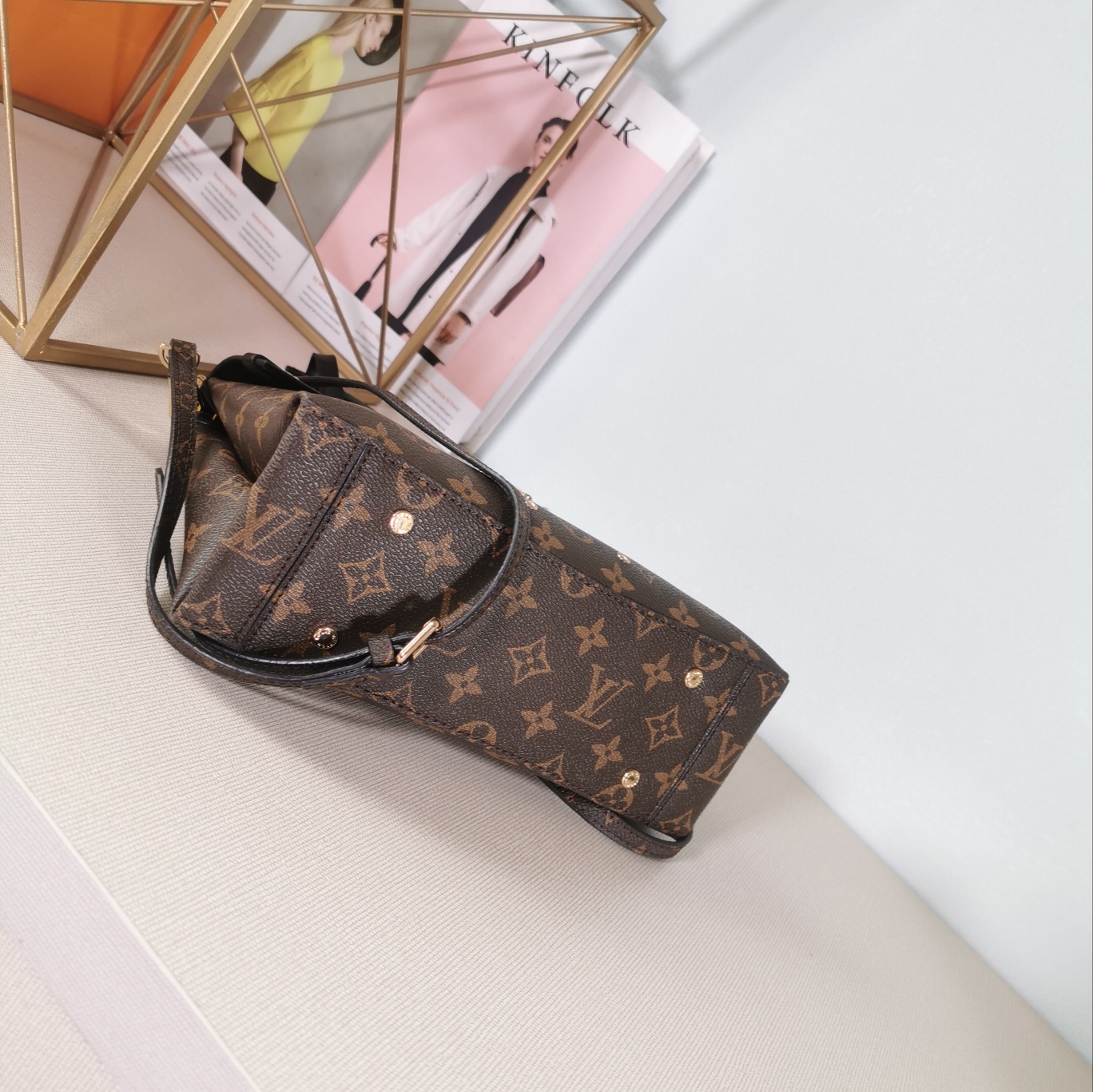 Replica Louis Vuitton One Handle M43125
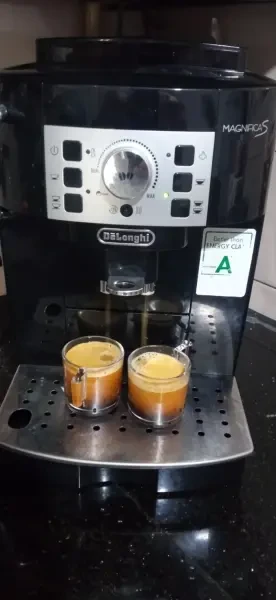 Cafetière Delonghi magnifica S - 1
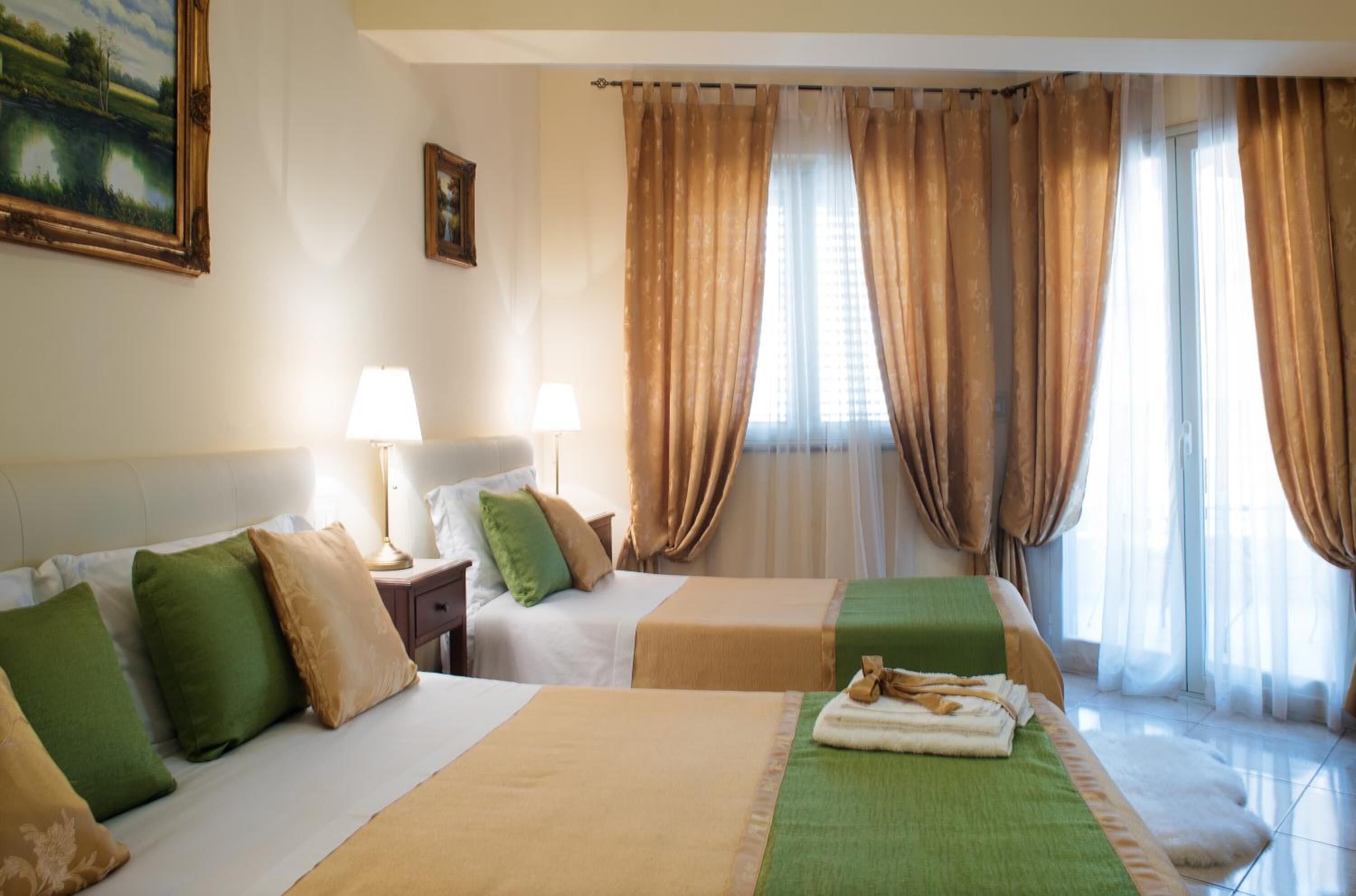 Skrivebord, lydisolert, wi-fi (inkludert) og sengetøy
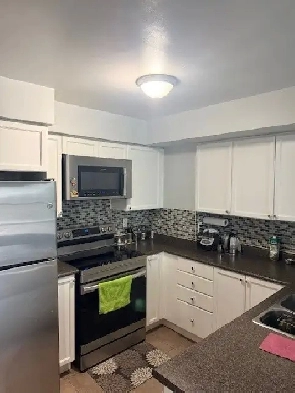 2 Bed 2 Full Bath Condo for Rent in Mississauga Square One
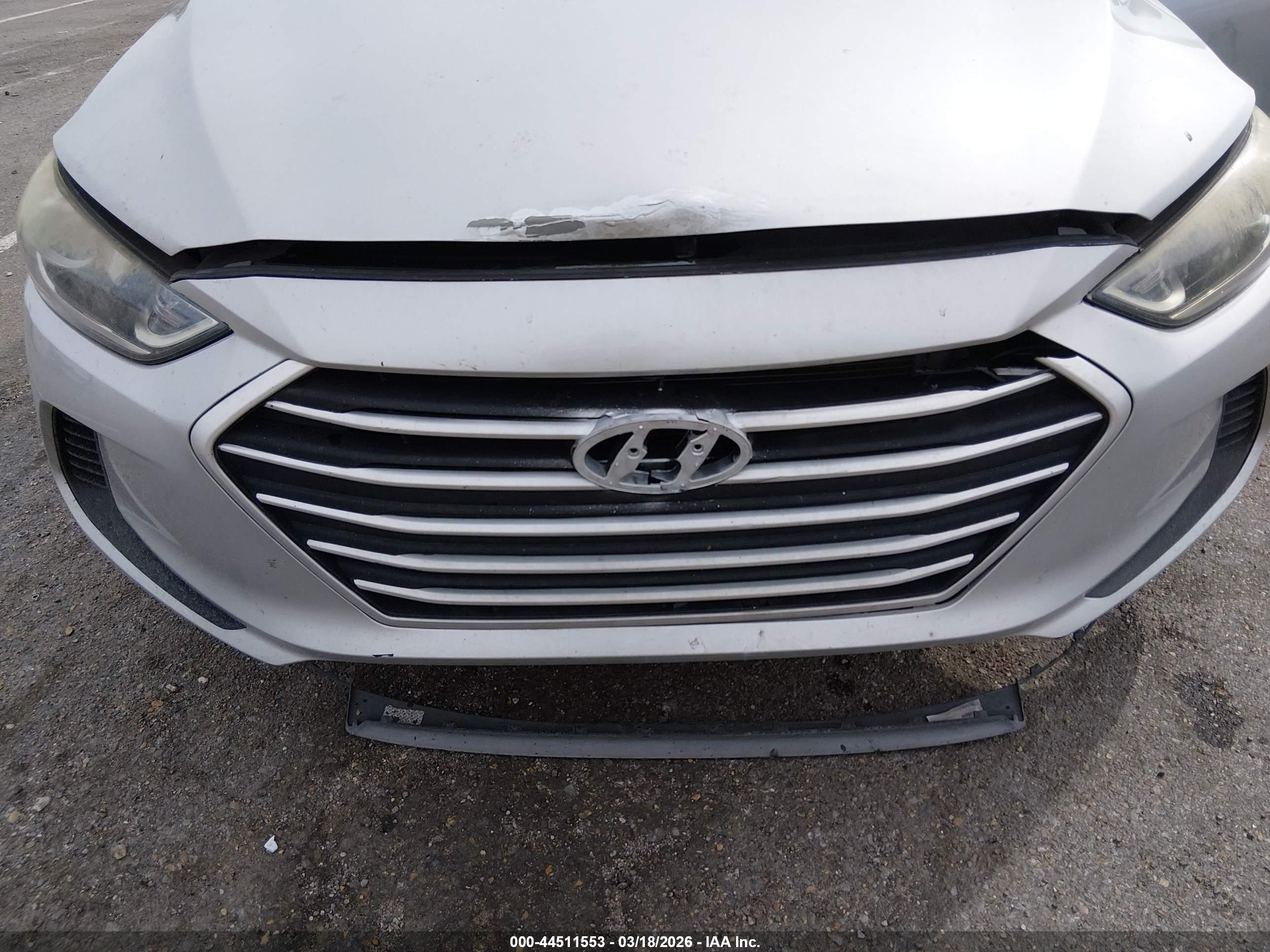 HYUNDAI ELANTRA image 6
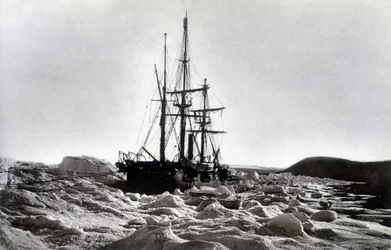 Északi-sark: "" Figyelmeztetés"" a Beechey-fok közelében, a Robeson-csatorna - a "" Narratíva egy utazásról a Sarki tengerhez 1875-76-ban" című részben", G.S. Nares, szerk. London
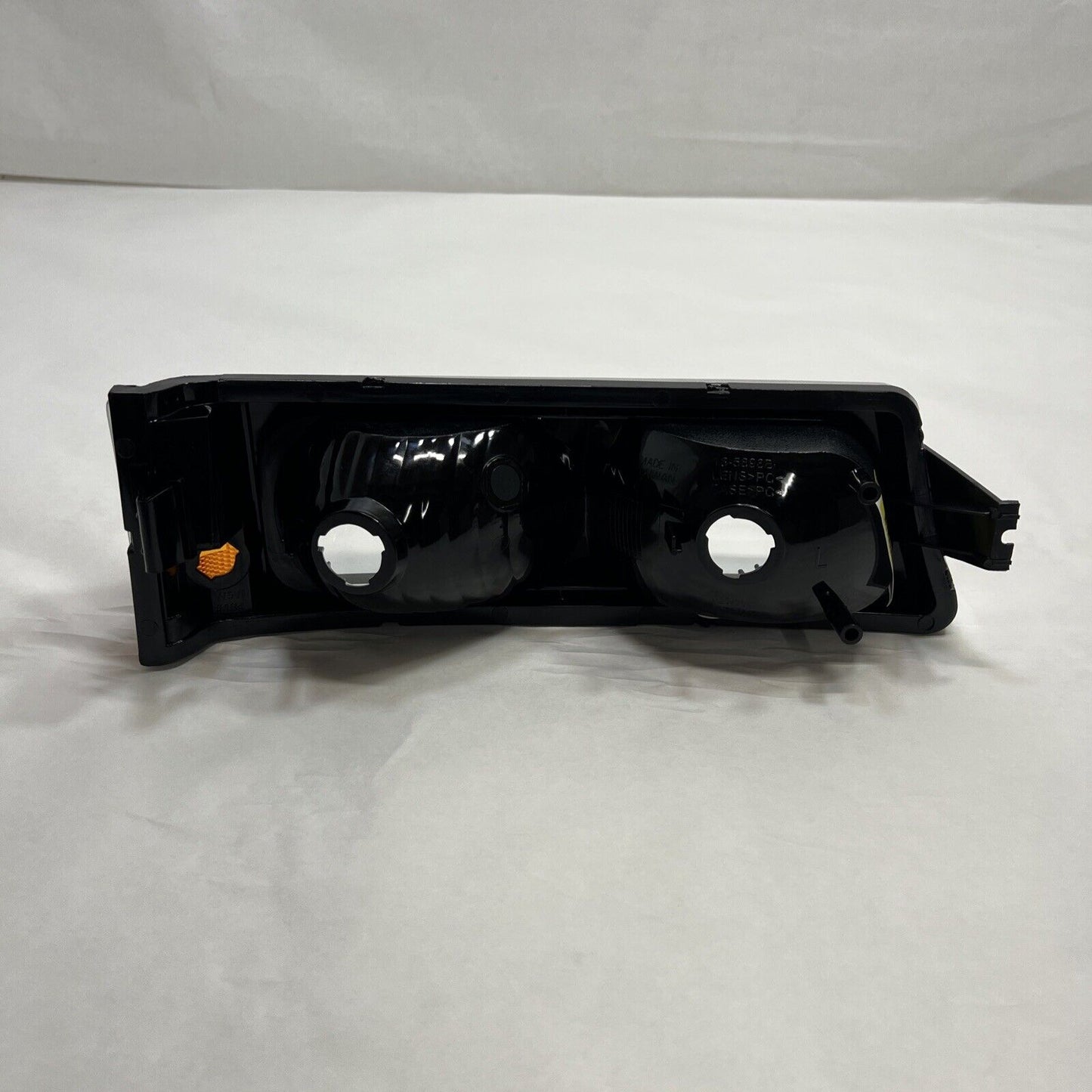 New OEM Genuine Keystone Left Driver Side Parking Lamp Assembly GM2520185C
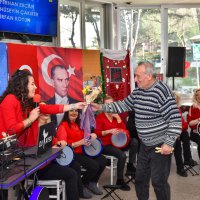 Huzurevinde yeni yıl coşkusu 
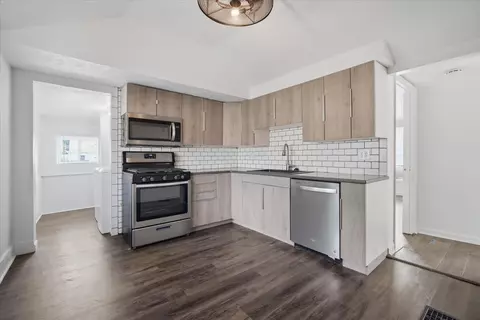 Kitchen - 323 E Lincoln St, Bloomington, IL 61701 photo 1 of 3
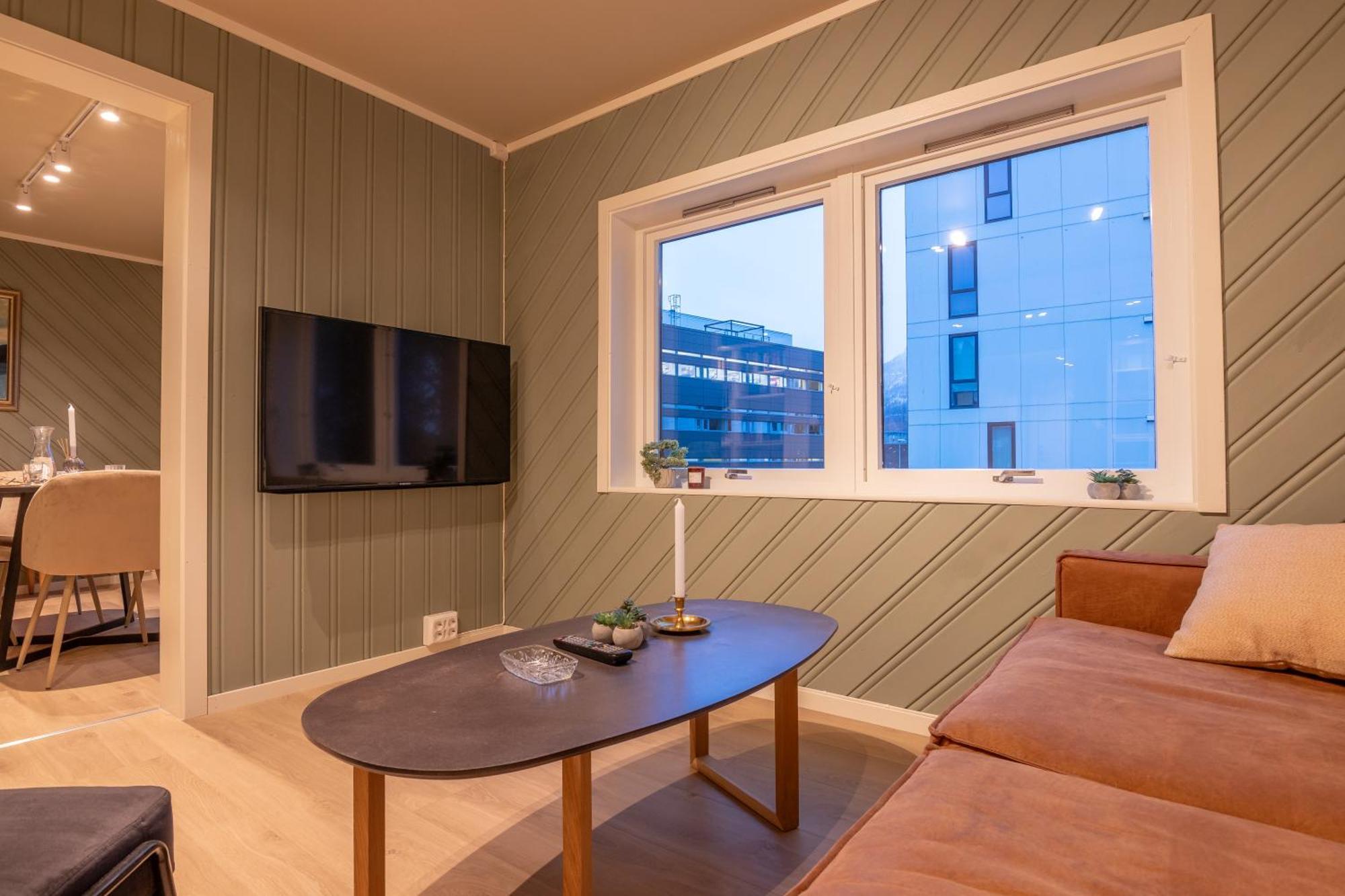 Cozy And Spacious Apartment In City Centre Tromsø Extérieur photo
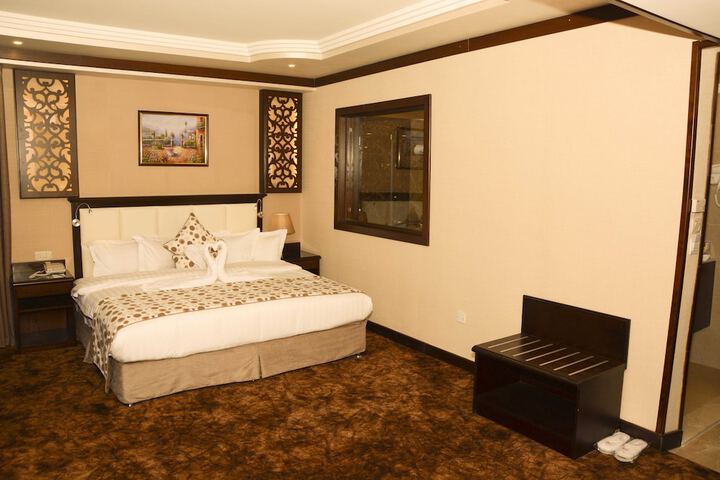 Room 8 of 43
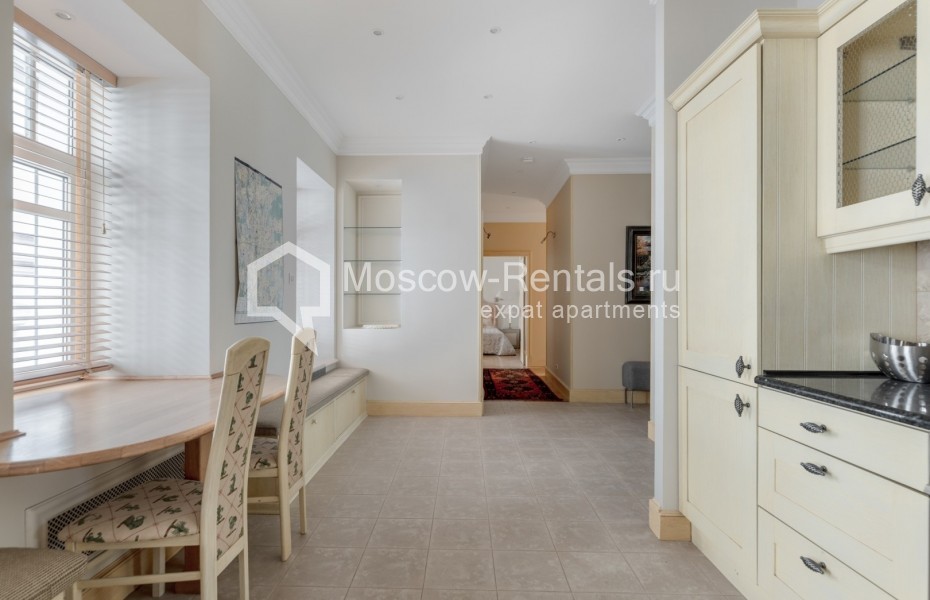 Photo #6 4-room (3 BR) apartment for <a href="http://moscow-rentals.ru/en/articles/long-term-rent" target="_blank">a long-term</a> rent
 in Russia, Moscow, B. Palashevskyi lane, 1/14С5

- _Problem statement_
Both ends included, copy the lines from the one holding "Nares, szerk. London" to the last line of the entries exactly, with all pictures left out.

- _Task solution_
 Északi-sark: "" Figyelmeztetés"" a Beechey-fok közelében, a Robeson-csatorna - a "" Narratíva egy utazásról a Sarki tengerhez 1875-76-ban" című részben", G.S. Nares, szerk. London
 New OEM Genuine Keystone Left Driver Side Parking Lamp Assembly GM2520185C
 Huzurevinde yeni yıl coşkusu 
 Kitchen - 323 E Lincoln St, Bloomington, IL 61701 photo 1 of 3
 Cozy And Spacious Apartment In City Centre Tromsø Extérieur photo
 Room 8 of 43
 Photo #6 4-room (3 BR) apartment for <a href="http://moscow-rentals.ru/en/articles/long-term-rent" target="_blank">a long-term</a> rent
 in Russia, Moscow, B. Palashevskyi lane, 1/14С5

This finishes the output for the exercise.